» **WORK ITEM**
In the entries below, find the line with "Top view of" and the line with "A hand holding"; copy them and every line between them exactly, but not the pictures.

RECORDS FOR THE EXERCISE Start Marker

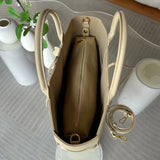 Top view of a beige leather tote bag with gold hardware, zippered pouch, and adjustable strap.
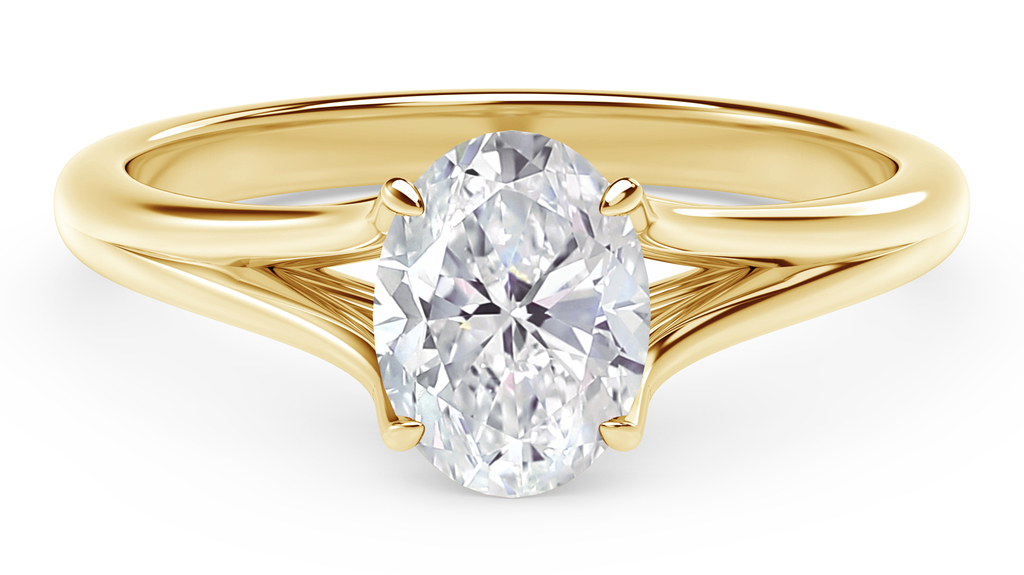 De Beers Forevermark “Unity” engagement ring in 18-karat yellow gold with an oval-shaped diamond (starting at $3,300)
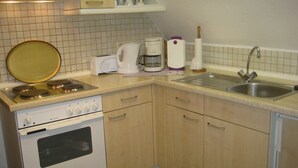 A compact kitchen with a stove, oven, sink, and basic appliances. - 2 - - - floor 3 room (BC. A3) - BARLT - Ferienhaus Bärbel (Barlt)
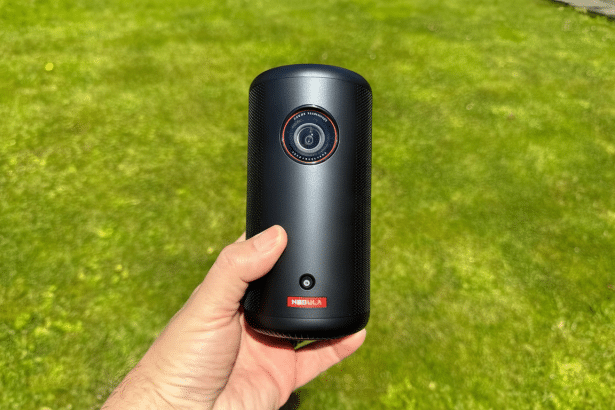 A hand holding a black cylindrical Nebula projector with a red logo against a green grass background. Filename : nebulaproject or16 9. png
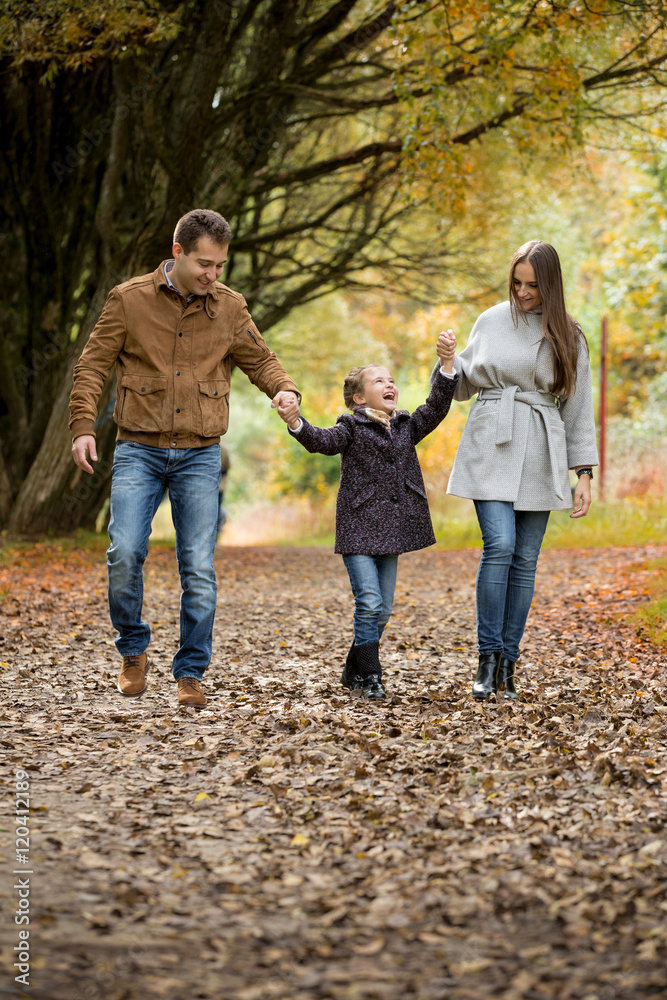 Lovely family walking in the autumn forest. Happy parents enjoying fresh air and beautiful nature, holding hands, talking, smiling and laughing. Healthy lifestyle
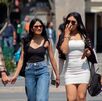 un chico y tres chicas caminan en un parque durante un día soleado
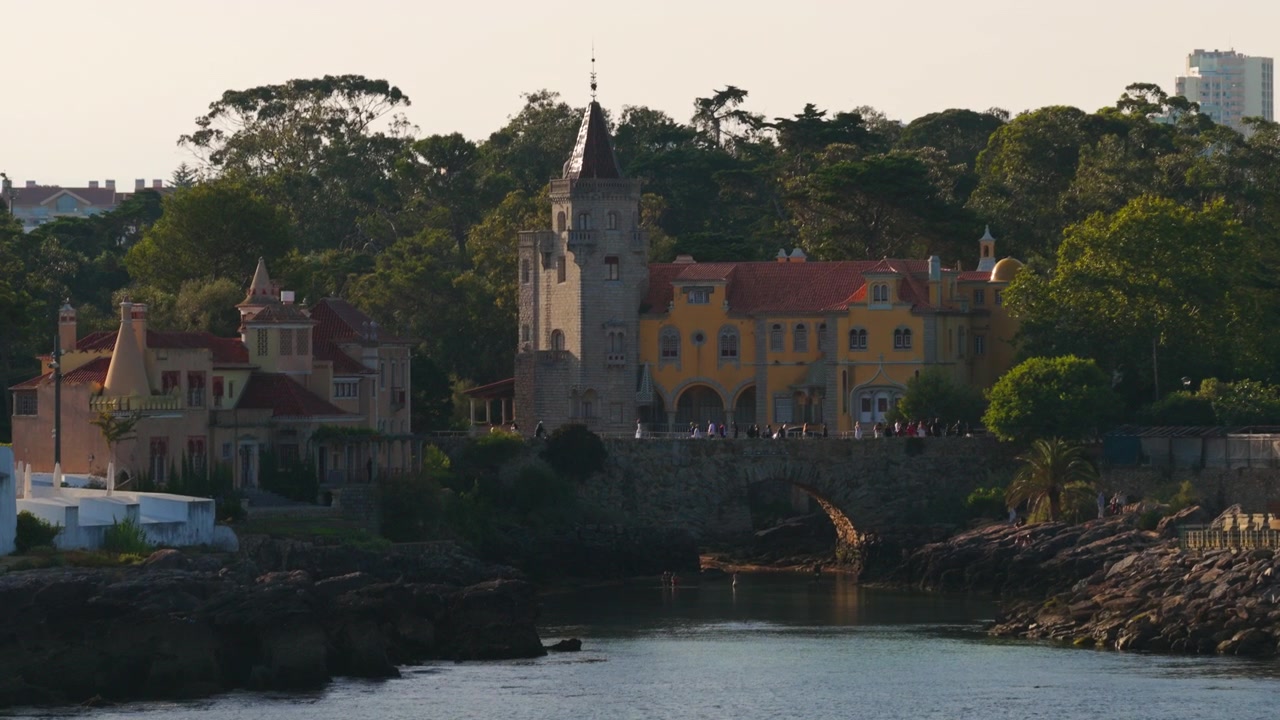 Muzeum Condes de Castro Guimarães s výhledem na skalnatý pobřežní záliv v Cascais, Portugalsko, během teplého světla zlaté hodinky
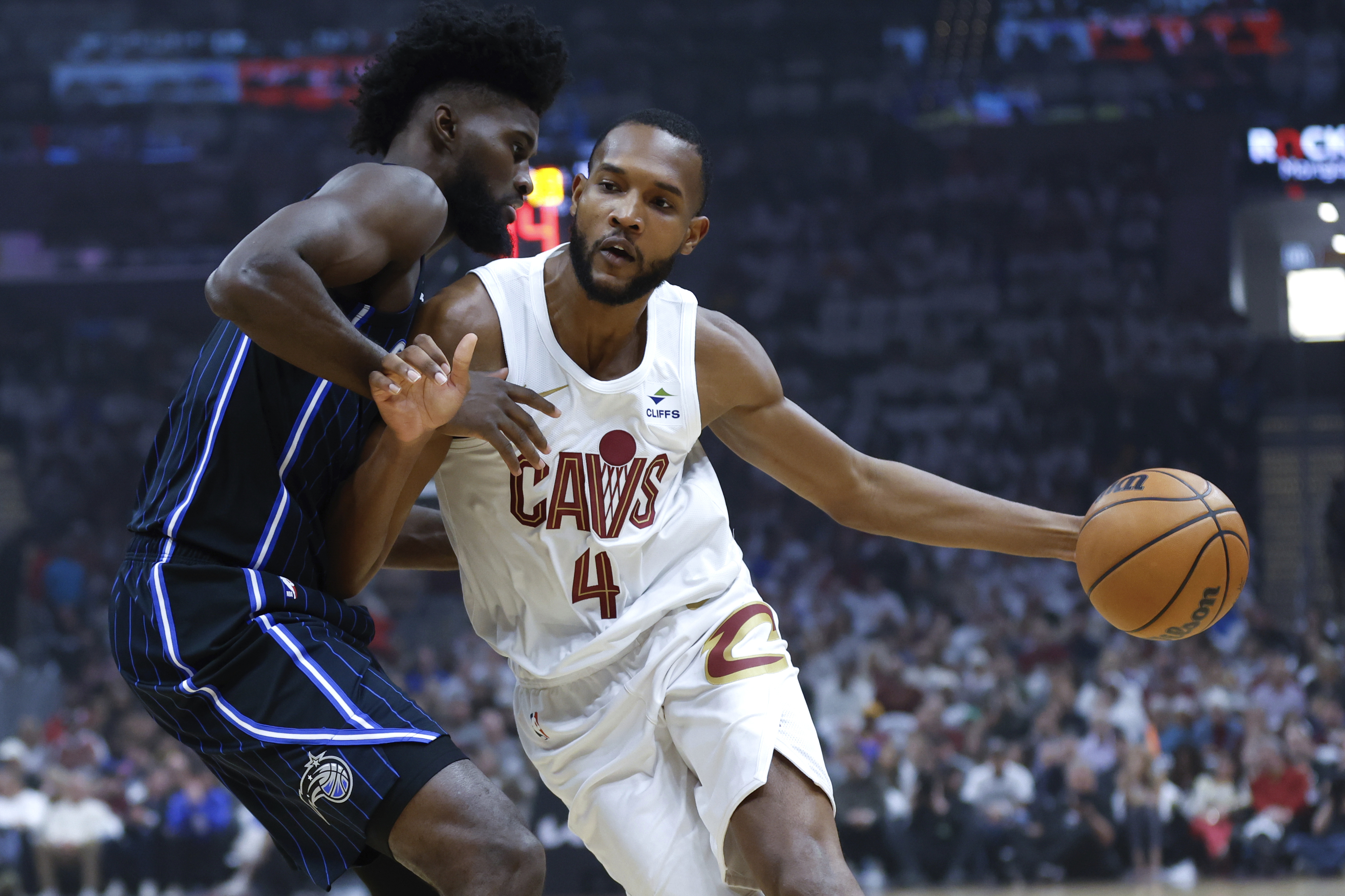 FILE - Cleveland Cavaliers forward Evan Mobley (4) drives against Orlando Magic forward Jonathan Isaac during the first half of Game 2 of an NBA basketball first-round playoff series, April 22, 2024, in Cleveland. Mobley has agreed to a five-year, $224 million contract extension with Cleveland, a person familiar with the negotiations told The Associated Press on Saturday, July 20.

RECORDS FOR THE EXERCISE End Marker
RECORDS FOR THE EXERCISE Start Marker

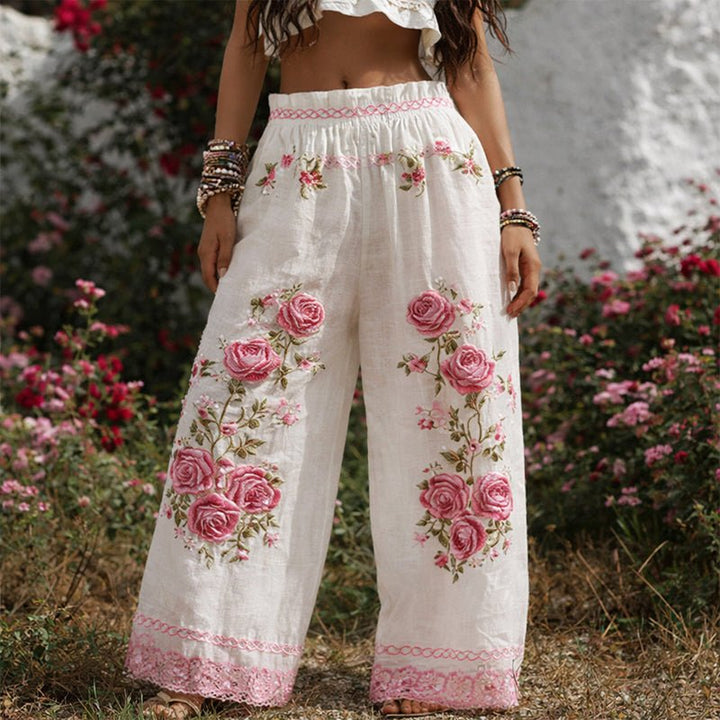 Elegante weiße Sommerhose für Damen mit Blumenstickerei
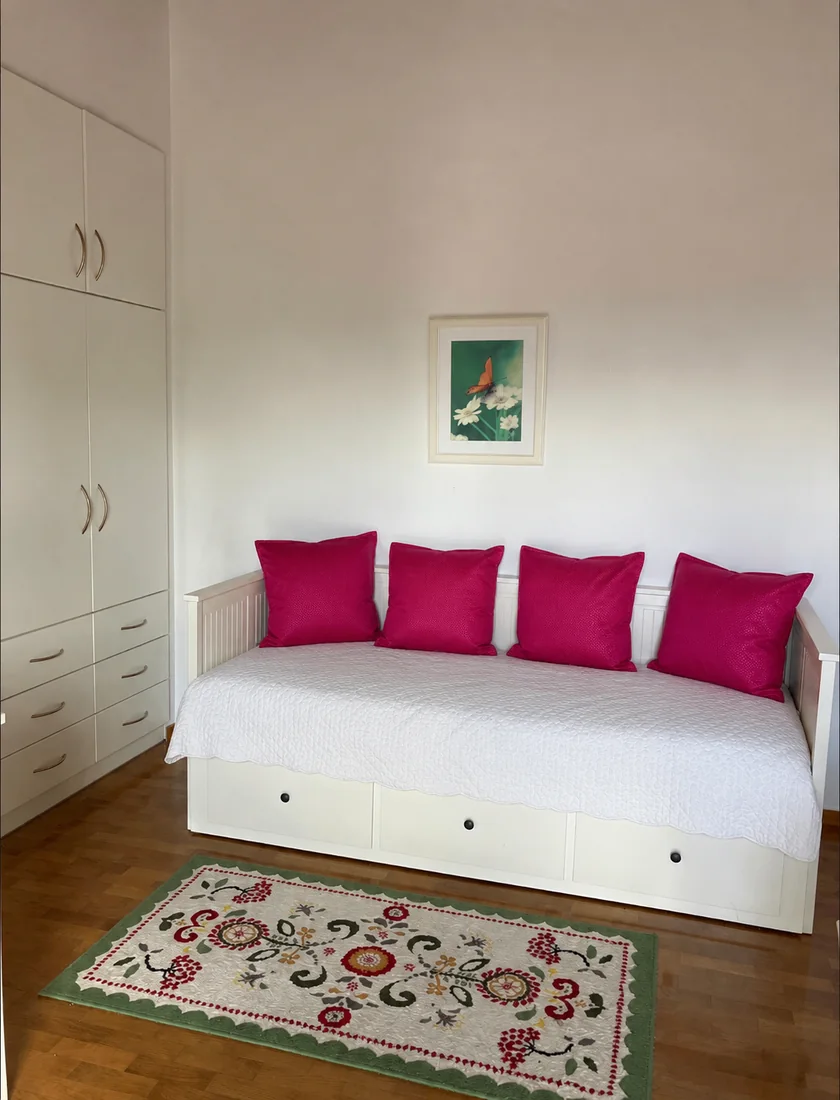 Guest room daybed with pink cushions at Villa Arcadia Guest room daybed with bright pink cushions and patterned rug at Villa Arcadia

RECORDS FOR THE EXERCISE End Marker
RECORDS FOR THE EXERCISE Start Marker

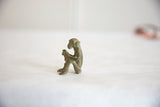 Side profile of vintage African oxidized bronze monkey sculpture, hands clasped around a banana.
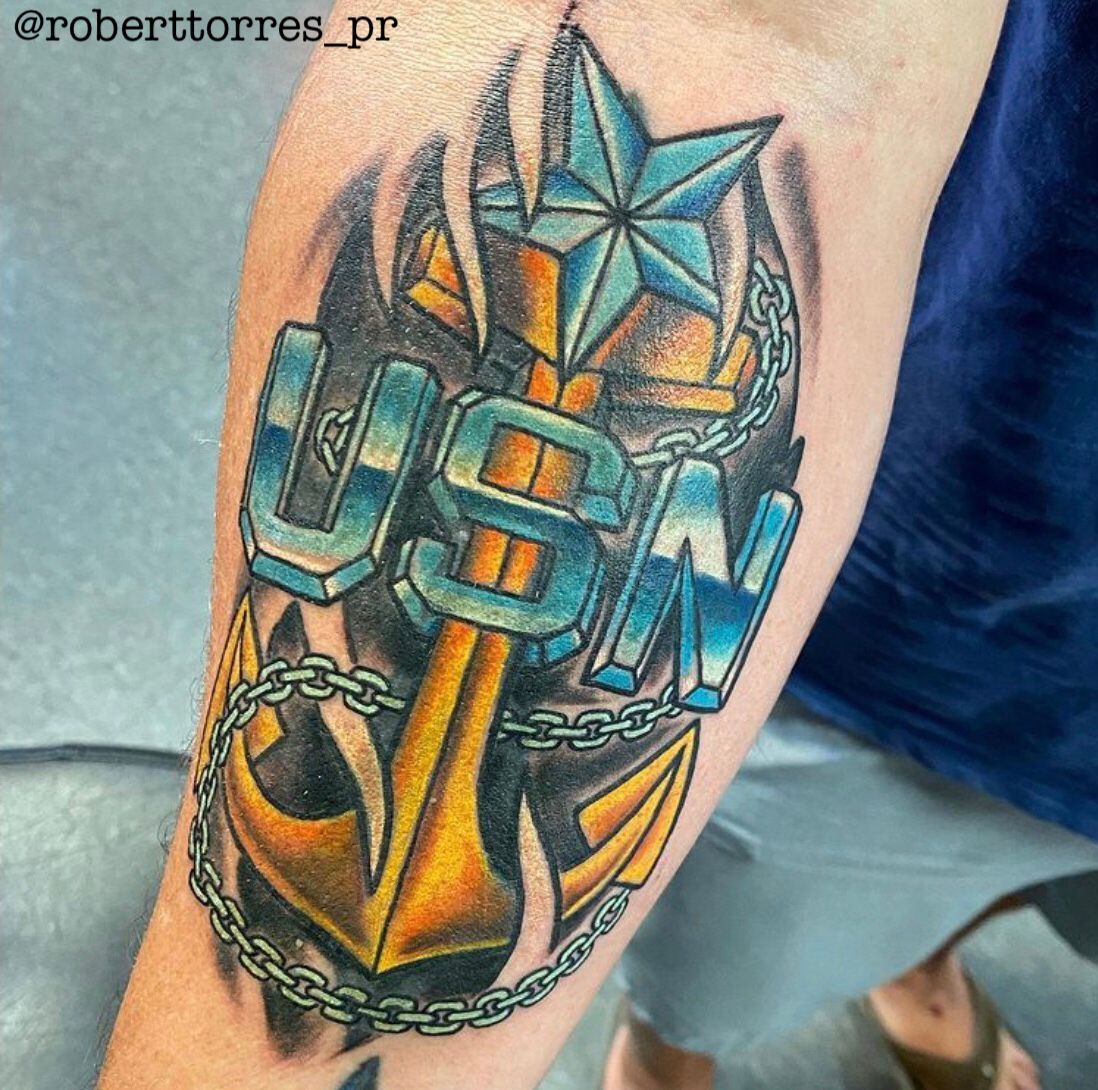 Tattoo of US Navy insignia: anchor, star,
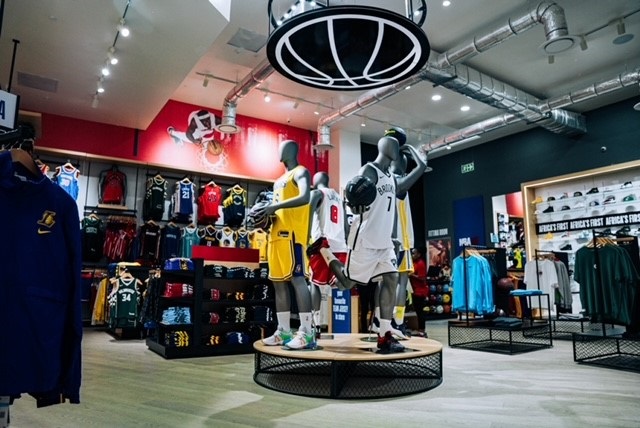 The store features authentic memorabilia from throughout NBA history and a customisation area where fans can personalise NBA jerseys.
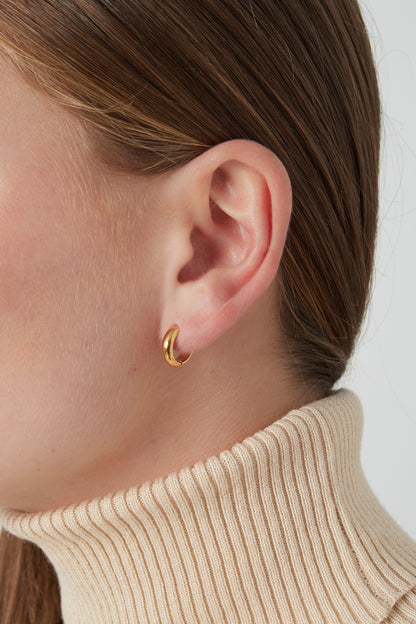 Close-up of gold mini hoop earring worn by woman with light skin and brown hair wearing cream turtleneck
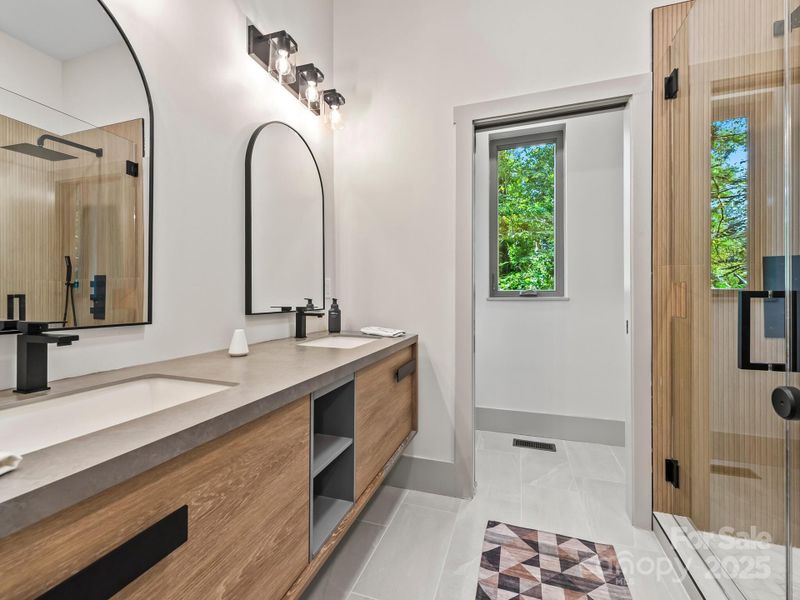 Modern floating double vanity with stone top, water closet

RECORDS FOR THE EXERCISE End Marker

» **ANSWER BOX**
 Top view of a beige leather tote bag with gold hardware, zippered pouch, and adjustable strap.
 De Beers Forevermark “Unity” engagement ring in 18-karat yellow gold with an oval-shaped diamond (starting at $3,300)
 A compact kitchen with a stove, oven, sink, and basic appliances. - 2 - - - floor 3 room (BC. A3) - BARLT - Ferienhaus Bärbel (Barlt)
 A hand holding a black cylindrical Nebula projector with a red logo against a green grass background. Filename : nebulaproject or16 9. png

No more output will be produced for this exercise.